BBB: Cativeiro social

Há muito tempo que os “intelectuais de plantão” se questionam como os reality shows alcançaram tanto sucesso na televisão mundial e, da mesma forma, na brasileira. Infelizmente não podemos nos orgulhar do nível intelectual do nosso programa mais longevo no ramo, o Big Brother Brasil – se, nessas dez edições, conseguimos completar um único dia de conversas consistentes sobre artes, filosofia, ciência ou religião, terá sido muito. Na maior parte do tempo o BBB mais parece uma novela onde os “mocinhos” tentam chegar a um “final feliz”, enquanto os “bandidos” tem seu momento de trunfo, mas sempre são eliminados ao final.

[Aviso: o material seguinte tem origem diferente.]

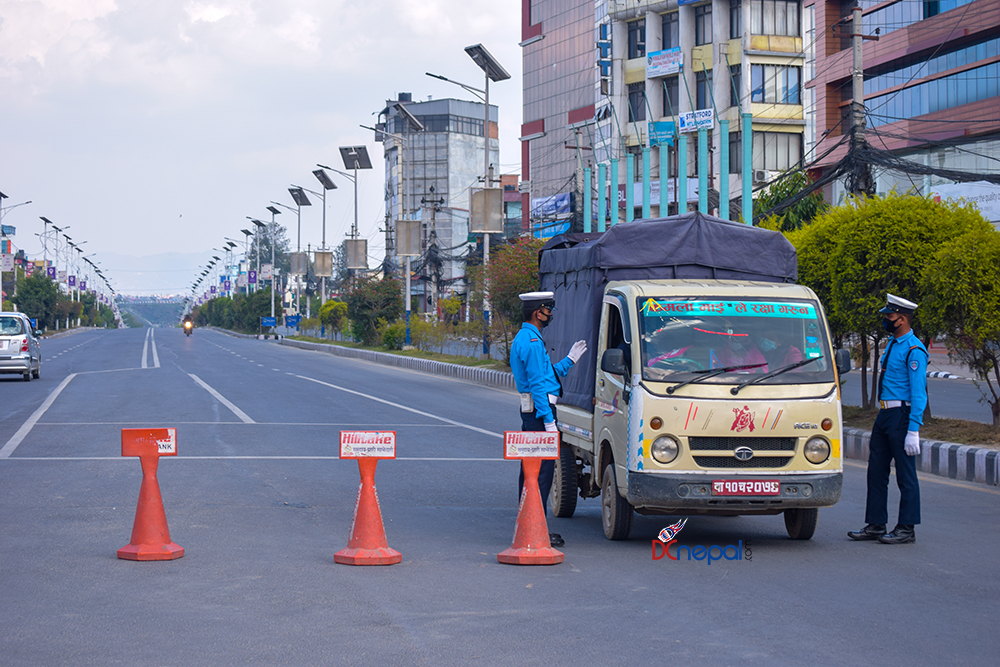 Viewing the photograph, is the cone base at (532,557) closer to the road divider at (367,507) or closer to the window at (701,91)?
the road divider at (367,507)

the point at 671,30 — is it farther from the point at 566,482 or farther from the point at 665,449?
the point at 665,449

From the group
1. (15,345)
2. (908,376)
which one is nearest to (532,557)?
(908,376)

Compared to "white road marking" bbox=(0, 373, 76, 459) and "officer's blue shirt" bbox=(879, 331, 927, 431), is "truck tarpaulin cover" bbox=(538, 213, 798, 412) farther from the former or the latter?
"white road marking" bbox=(0, 373, 76, 459)

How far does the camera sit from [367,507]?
765cm

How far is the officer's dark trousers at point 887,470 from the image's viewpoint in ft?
28.5

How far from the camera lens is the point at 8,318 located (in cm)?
2945

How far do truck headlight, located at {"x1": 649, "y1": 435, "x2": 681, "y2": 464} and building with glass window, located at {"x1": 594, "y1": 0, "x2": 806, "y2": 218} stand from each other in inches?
1846

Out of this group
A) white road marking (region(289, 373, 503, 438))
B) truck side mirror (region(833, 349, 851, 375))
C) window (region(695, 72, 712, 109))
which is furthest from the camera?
window (region(695, 72, 712, 109))

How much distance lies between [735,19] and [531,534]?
2089 inches

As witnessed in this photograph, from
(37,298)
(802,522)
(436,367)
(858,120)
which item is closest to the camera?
(802,522)

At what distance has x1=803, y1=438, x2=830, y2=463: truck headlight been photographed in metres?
8.00

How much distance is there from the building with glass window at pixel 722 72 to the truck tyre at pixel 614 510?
152 feet

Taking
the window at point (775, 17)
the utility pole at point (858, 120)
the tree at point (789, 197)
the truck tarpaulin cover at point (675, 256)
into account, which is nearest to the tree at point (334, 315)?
the window at point (775, 17)

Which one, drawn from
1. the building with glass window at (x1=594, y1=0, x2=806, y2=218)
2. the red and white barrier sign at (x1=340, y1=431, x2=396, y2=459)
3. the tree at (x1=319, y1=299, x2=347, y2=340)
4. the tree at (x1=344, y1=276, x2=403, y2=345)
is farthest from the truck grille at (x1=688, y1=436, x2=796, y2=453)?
the tree at (x1=319, y1=299, x2=347, y2=340) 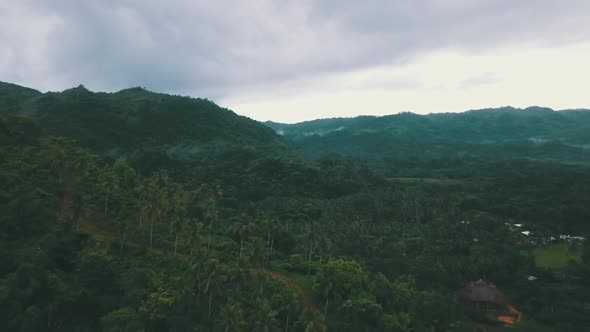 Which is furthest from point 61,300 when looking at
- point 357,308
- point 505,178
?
point 505,178

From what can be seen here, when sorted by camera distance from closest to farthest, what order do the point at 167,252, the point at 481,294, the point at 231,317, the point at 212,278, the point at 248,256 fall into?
the point at 231,317 < the point at 212,278 < the point at 248,256 < the point at 167,252 < the point at 481,294

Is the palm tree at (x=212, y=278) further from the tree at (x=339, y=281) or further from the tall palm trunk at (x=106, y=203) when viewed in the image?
the tall palm trunk at (x=106, y=203)

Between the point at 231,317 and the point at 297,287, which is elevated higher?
the point at 231,317

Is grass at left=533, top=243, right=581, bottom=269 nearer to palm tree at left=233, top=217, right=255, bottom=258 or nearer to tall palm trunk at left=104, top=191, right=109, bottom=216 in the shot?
palm tree at left=233, top=217, right=255, bottom=258

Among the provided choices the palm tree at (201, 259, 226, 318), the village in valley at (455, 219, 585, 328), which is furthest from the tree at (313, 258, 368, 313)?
the village in valley at (455, 219, 585, 328)

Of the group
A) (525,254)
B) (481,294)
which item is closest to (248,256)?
(481,294)

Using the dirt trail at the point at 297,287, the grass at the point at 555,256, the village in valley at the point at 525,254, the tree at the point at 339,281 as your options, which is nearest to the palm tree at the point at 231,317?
the dirt trail at the point at 297,287

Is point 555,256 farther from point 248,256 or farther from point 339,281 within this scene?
point 248,256

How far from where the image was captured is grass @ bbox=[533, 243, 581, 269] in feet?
301

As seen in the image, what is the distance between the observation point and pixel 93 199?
69000mm

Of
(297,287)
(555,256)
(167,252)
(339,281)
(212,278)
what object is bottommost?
(555,256)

E porque será que gostamos tanto, enquanto sociedade e audiência televisiva, de observar a vida alheia e suas relações sociais – sejam ou não uma “realidade”? Porque será que certas pessoas da camada mais humilde da população chegam até a confundir realidade e ficção quando, ao encontrar pessoalmente um ator ou atriz que fazem algum papel de destaque em uma novela, os alertam para “tomar cuidado com o bandido” ou os atacam por serem eles mesmos os “bandidos” da história?

Talvez a resposta seja “que não temos escolha, pois está em nossos genes” [1]: Segundo a antropologia moderna, a empatia e a imitação talvez tenham sido a base do mecanismo que nos tornou humanos. Ao observarem outras pessoas em seu grupo social, nossos ancestrais começaram a tentar desvendar o que se passava em suas mentes – e, para tal, tiveram que imaginar cada qual como um indivíduo em separado. Segundo a teoria da mente, pela primeira vez nossos ancestrais adquiriram a capacidade de julgar a intencionalidade de outro indivíduo, passando a “pensar como se fossem outra pessoa”, na tentativa de antever suas ações.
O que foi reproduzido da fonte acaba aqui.